When I hear my local “fiscal conservative/social liberal” drive-time radio talk show hosts espouse the belief that the Constitution is malleable and left to be interpreted by the Supreme Court “for the times” and that the meaning of the Constitution changes with precedents set in Supreme Court decisions, I know we messed up somewhere.
It’s true that a lot people believe that. It’s also true that some Supreme Court Justices believe that (while others have not), as well as some constitutional scholars (while others have not) and many people who have served in government.
But, no matter how esteemed those are who believe it, the belief itself does not make it true. In order to prove their belief correct, they would need to produce evidence.

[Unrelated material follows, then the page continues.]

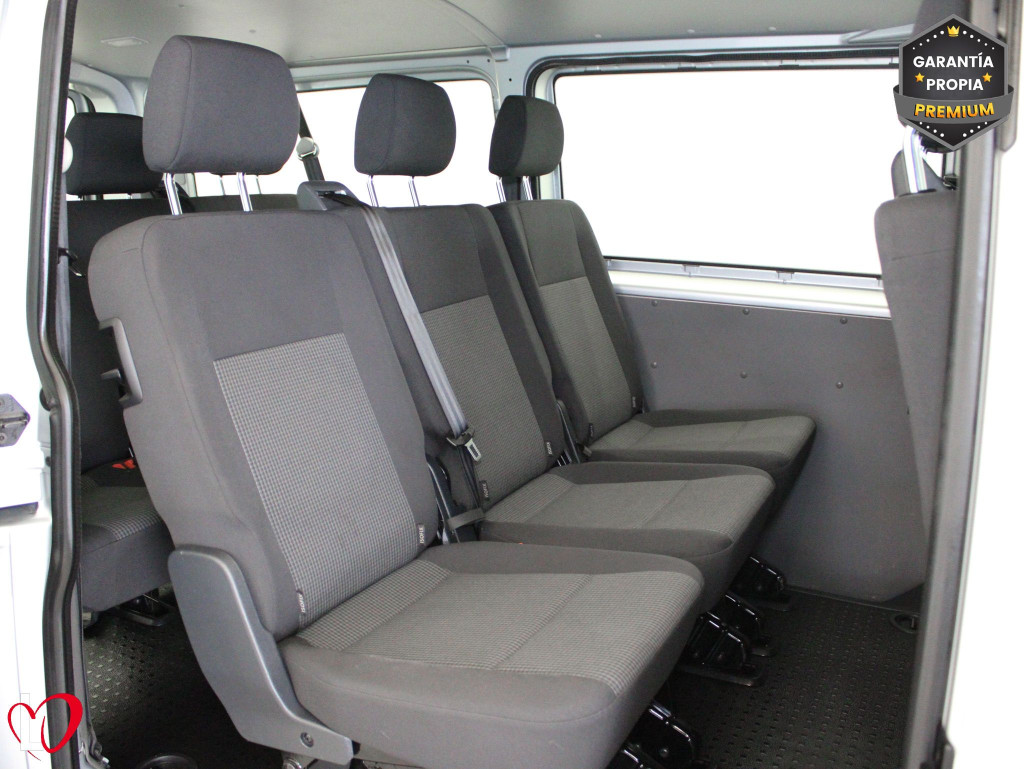 VOLKSWAGEN TRANSPORTER 2.0 TDI T6 COMBI 9 LARGA 110 de segunda mano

Evidence would be specific passages from the Federalists papers or passages from the writings by the authors of the Constitution.
I agreed with the drive time radio hosts long ago in my life and I earned an A in my high school civics class.

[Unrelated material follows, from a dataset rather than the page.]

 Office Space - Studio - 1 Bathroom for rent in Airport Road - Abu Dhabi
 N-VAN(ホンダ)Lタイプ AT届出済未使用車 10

But, on further reflection, that belief doesn’t make much sense.
Why separate government power into three branches — executive, law making (congress) and law enforcing (courts), but also give the law enforcing branch (courts) the power to make law (which is the power reserved for Congress)?
That’s the result of allowing courts to broadly “interpret the Constitution for times”. That doesn’t sound like a power separation to me.
This makes even less sense when you consider the authors of the Constitution put a specific representative process in place to amend the Constitution if need be: Article V: Amendment.
I recommend for anyone who agrees with my local drive time hosts to read this week’s column from Walter Williams, What Our Constitution Permits. Here’s an excerpt (emphasis added).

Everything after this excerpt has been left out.